* [What you are asked to do]:
Once the line holding "Mi Xiaomi Original" is found in the entries below, transcribe exactly every line up to and including the one holding "Aerial photograph Garching", but leave out the pictures.

* [The data]:
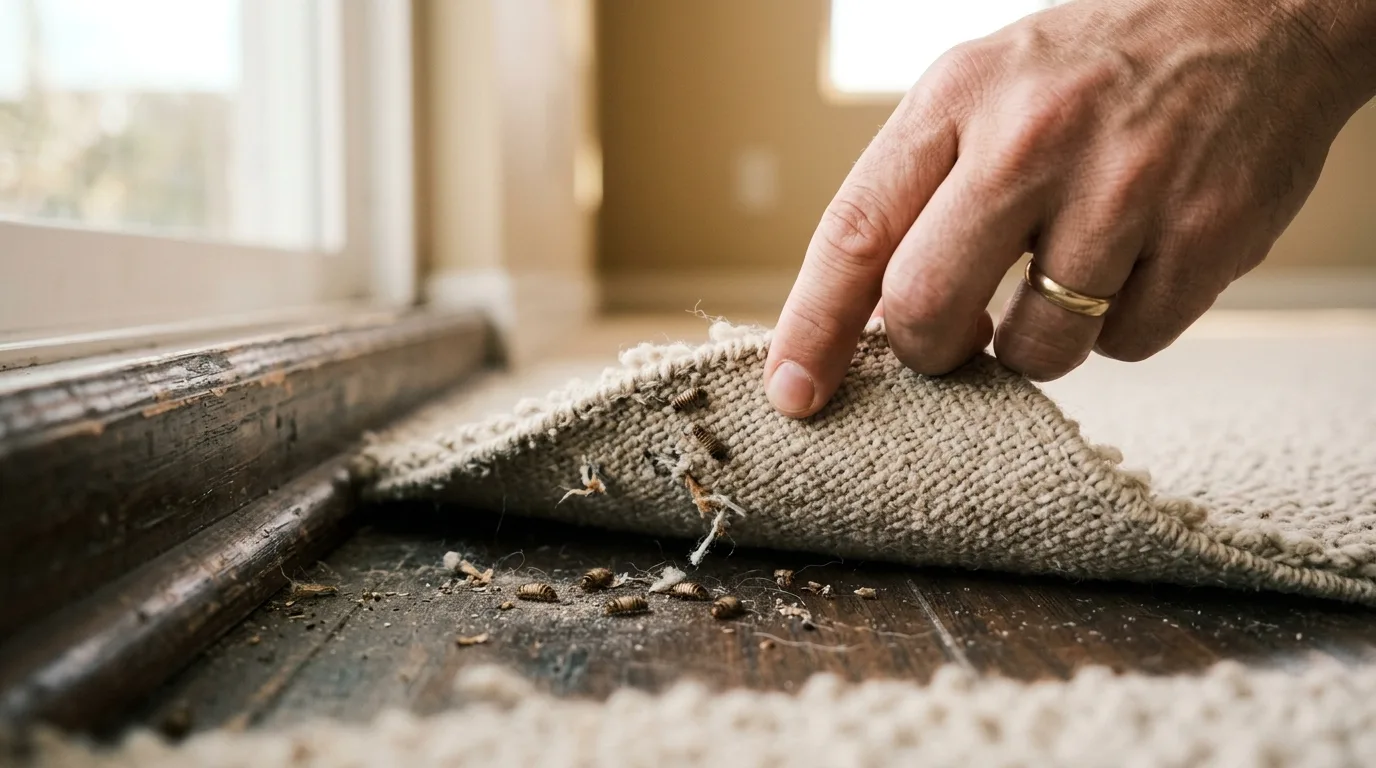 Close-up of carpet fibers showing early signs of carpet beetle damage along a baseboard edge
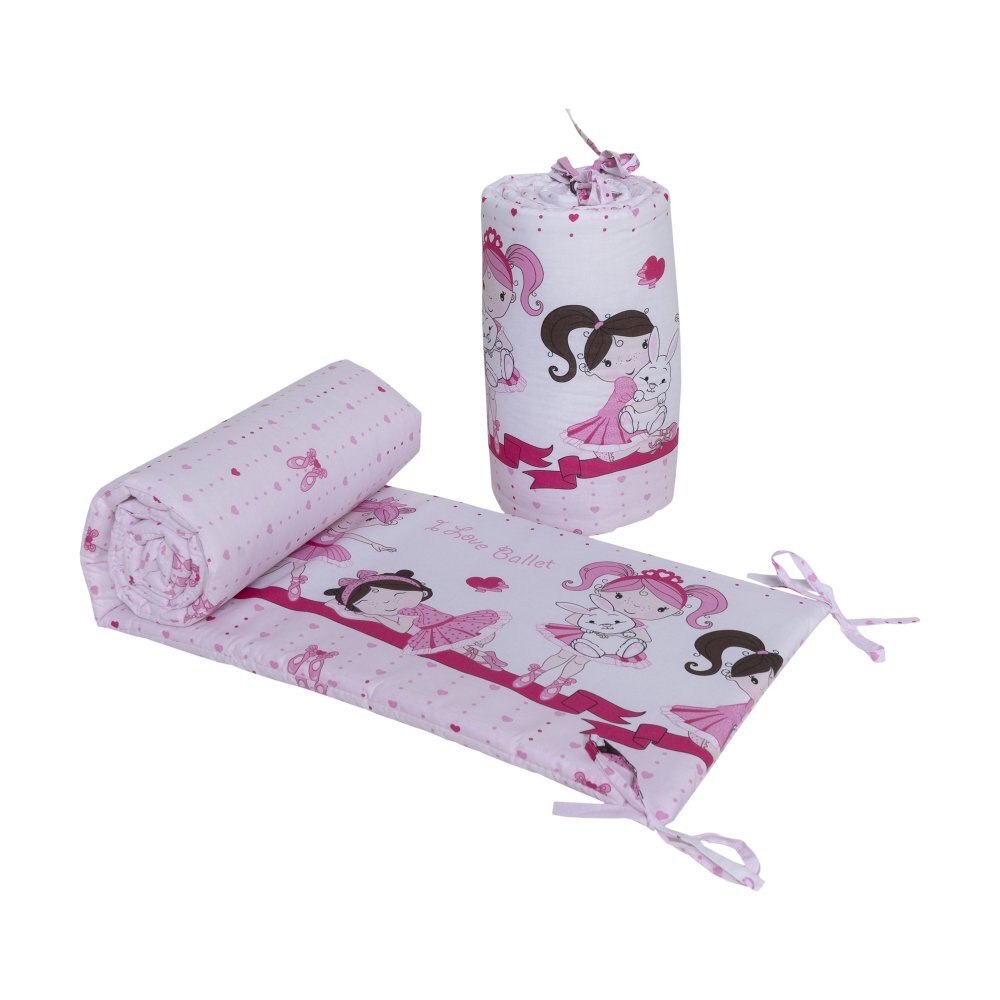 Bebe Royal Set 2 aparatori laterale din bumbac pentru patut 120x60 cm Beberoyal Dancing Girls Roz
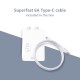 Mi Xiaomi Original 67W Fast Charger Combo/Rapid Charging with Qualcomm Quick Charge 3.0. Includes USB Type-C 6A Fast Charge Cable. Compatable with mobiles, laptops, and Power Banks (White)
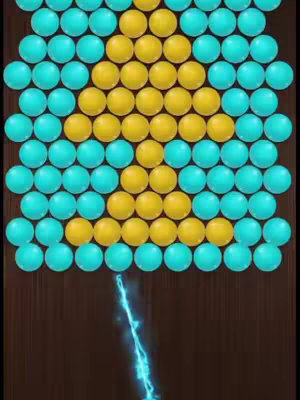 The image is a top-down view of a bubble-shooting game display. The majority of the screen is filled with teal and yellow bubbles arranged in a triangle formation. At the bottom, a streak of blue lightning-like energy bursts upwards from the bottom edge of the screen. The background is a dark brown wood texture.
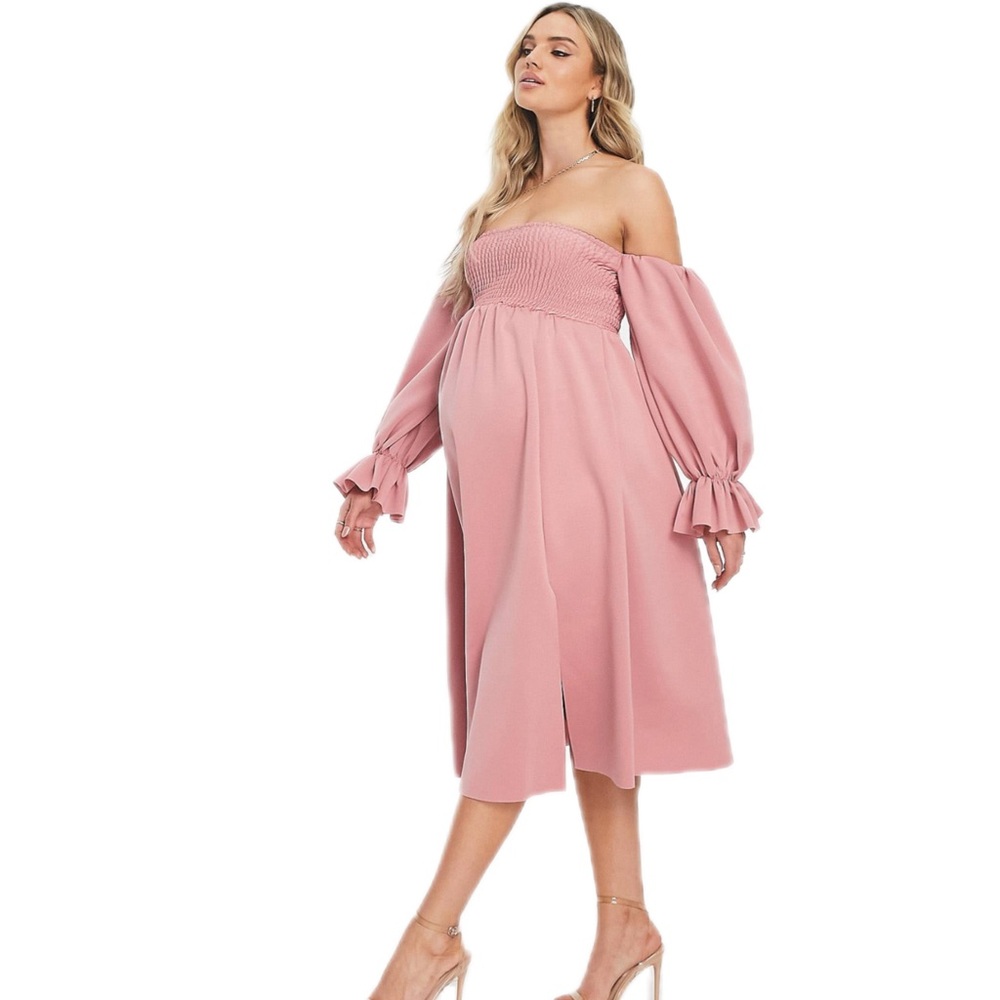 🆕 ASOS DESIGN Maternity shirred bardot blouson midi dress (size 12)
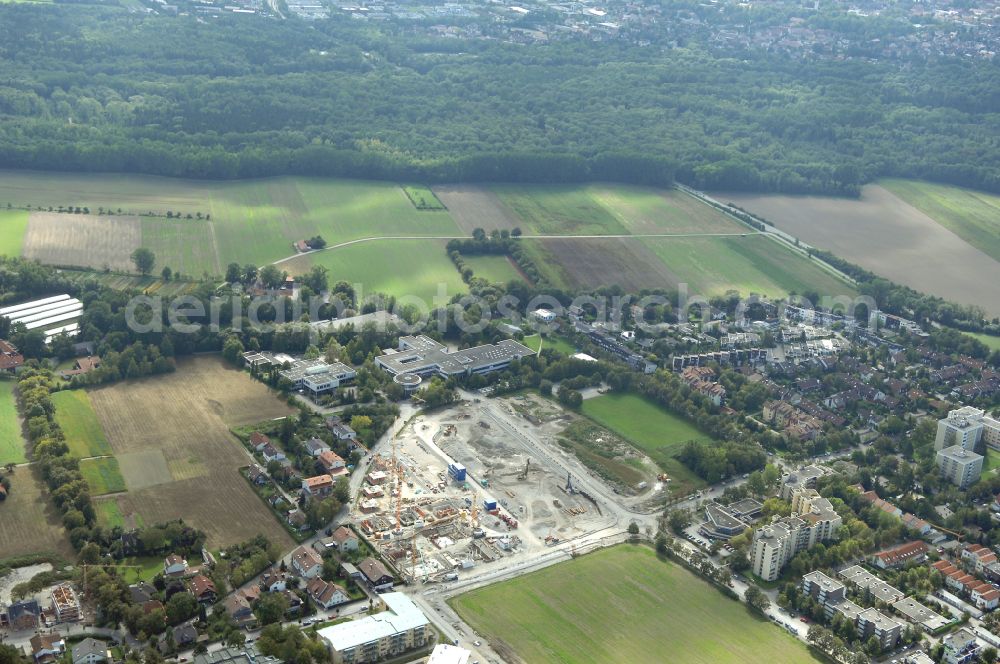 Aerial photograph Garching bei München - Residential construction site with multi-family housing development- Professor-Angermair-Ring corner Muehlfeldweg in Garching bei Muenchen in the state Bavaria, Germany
==
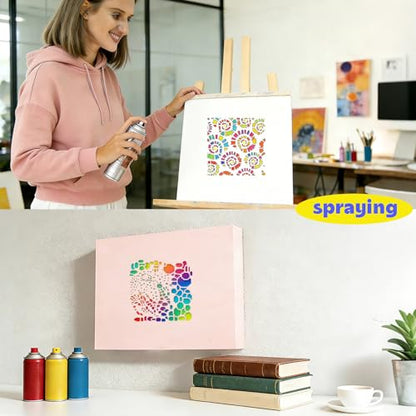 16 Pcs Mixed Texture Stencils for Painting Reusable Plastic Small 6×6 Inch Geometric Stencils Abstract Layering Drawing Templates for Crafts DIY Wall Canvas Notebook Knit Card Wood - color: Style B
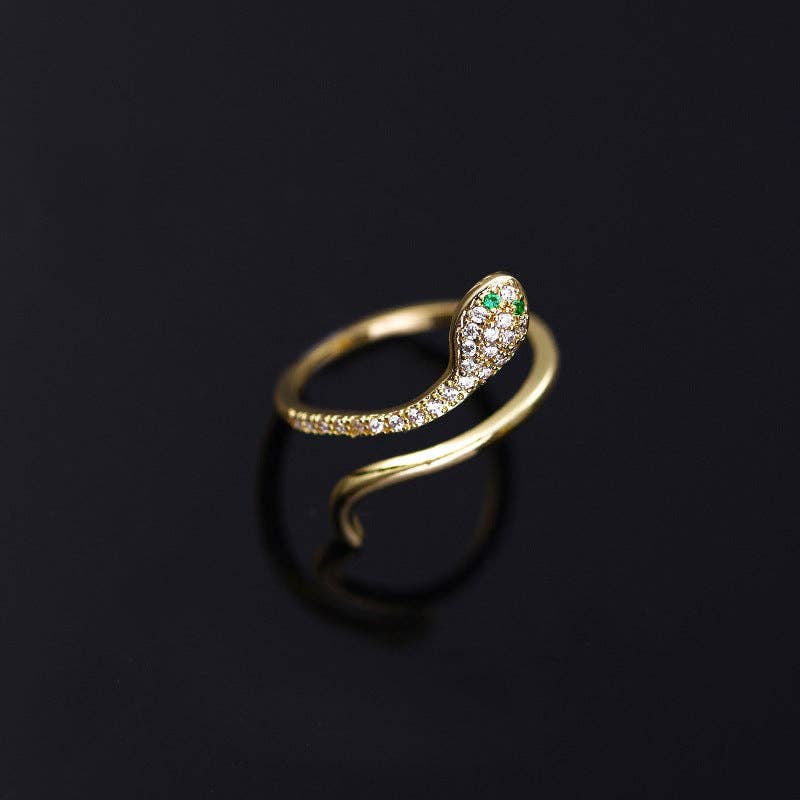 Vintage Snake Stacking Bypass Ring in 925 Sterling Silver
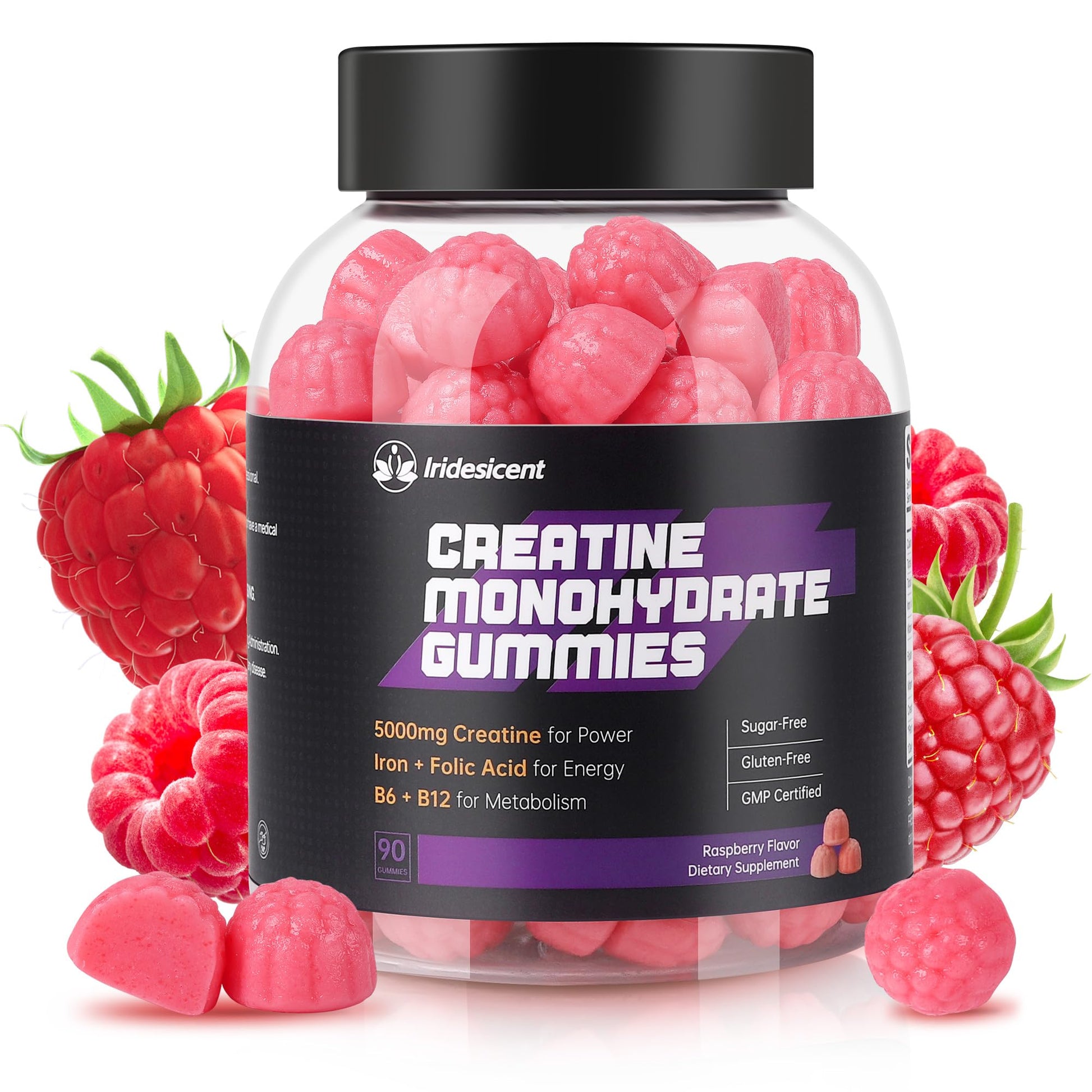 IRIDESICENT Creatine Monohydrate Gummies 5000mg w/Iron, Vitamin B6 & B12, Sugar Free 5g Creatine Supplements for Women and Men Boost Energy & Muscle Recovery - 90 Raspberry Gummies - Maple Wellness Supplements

* [Result of the task]:
 Mi Xiaomi Original 67W Fast Charger Combo/Rapid Charging with Qualcomm Quick Charge 3.0. Includes USB Type-C 6A Fast Charge Cable. Compatable with mobiles, laptops, and Power Banks (White)
 The image is a top-down view of a bubble-shooting game display. The majority of the screen is filled with teal and yellow bubbles arranged in a triangle formation. At the bottom, a streak of blue lightning-like energy bursts upwards from the bottom edge of the screen. The background is a dark brown wood texture.
 🆕 ASOS DESIGN Maternity shirred bardot blouson midi dress (size 12)
 Aerial photograph Garching bei München - Residential construction site with multi-family housing development- Professor-Angermair-Ring corner Muehlfeldweg in Garching bei Muenchen in the state Bavaria, Germany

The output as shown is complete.